Он перечитывал Шекспира, теперь с удивлением, и замечал:
«Местами очень тяжело и очень плохо: а на следующей странице дух захватывает. Что за странный великий человек. Я смутно чувствую, что-то в его жизни пошло не так, и он сорвался, уехал из Лондона и забросил свою работу. Интересно. Это мог быть только какой-нибудь внутренний недостаток, потому что ничто внешнее не может задеть такого человека».[1023]
И все же Шекспир мог его просветить; в самом Лоуренсе горестное вопрошание «Гамлета» начинало сменяться спокойным вопрошанием «Бури». Он еще не сознавал этого, а сознавал лишь метаморфозу своего прошлого. Мэннингу, который собирался читать «Семь столпов», он писал:
«Так что эта книга — самоубеждение человека, который не мог тогда смотреть прямо: и который теперь думает, что, возможно, это не имело значения: что прямой взгляд — это только иллюзия. Мы делаем все это от выдохшегося ума, не намеренно, даже не сознательно. Доказывать, что наши умы были разумными и холодными, что они управляли своими передвижениями и своими современниками — одно тщеславие. Что-то происходит, а мы делаем все возможное, чтобы удержаться в седле».[1024]
Это чувство, которое проявлялось в нем в той мере, в какой он снова обретал Англию, он часто считал своим старением. Его волосы теперь были почти седыми. Странная старость, которая вовсе не отделяет от мира, а приближает к нему! Обрел ли он в 1924 году, когда готовил кубок Шнейдера, ту безмятежность, которая теперь иногда посещала его, удивляя его самого? Но если это была не старость, это ни в коей мере не был закат жизни, скорее окончание его юности. В первый раз за десять лет он мало-помалу приобретал такое же глубокое переживание, как переживание абсурда — такое же глубокое, как в Дераа: всякое переживание необратимого для человека является одним из самых глубоких.
Он работал над «Одиссеей» с той же настойчивостью, как над «Семью столпами».
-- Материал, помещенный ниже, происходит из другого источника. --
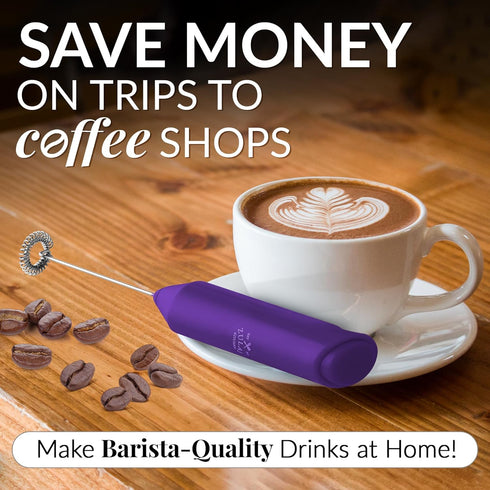 Zulay Kitchen Powerful Milk Frother Wand - Mini Milk Frother Handheld Stainless Steel - Battery Operated Drink Mixer for Coffee, Lattes, Cappuccin...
«Однако я на самом деле занимаю такую же сильную позицию по отношению к Гомеру, как и большинство его переводчиков. В течение нескольких лет мы раскапывали город примерно одиссеевского периода. Я имел дело с оружием, броней, утварью тех времен, изучал их дома, планировку их городов. Я охотился на диких вепрей и видел диких львов, плавал по Эгейскому морю (и правил парусными судами), гнул луки, жил среди пастушеского народа, пользовался тканым полотном, строил лодки и убил много людей. Поэтому у меня есть странные знания, которые дают мне квалификацию, необходимую, чтобы понять «Одиссею», и странный опыт, интерпретирующий ее для меня. Отсюда определенное упрямство в моем отказе от помощи».[1025]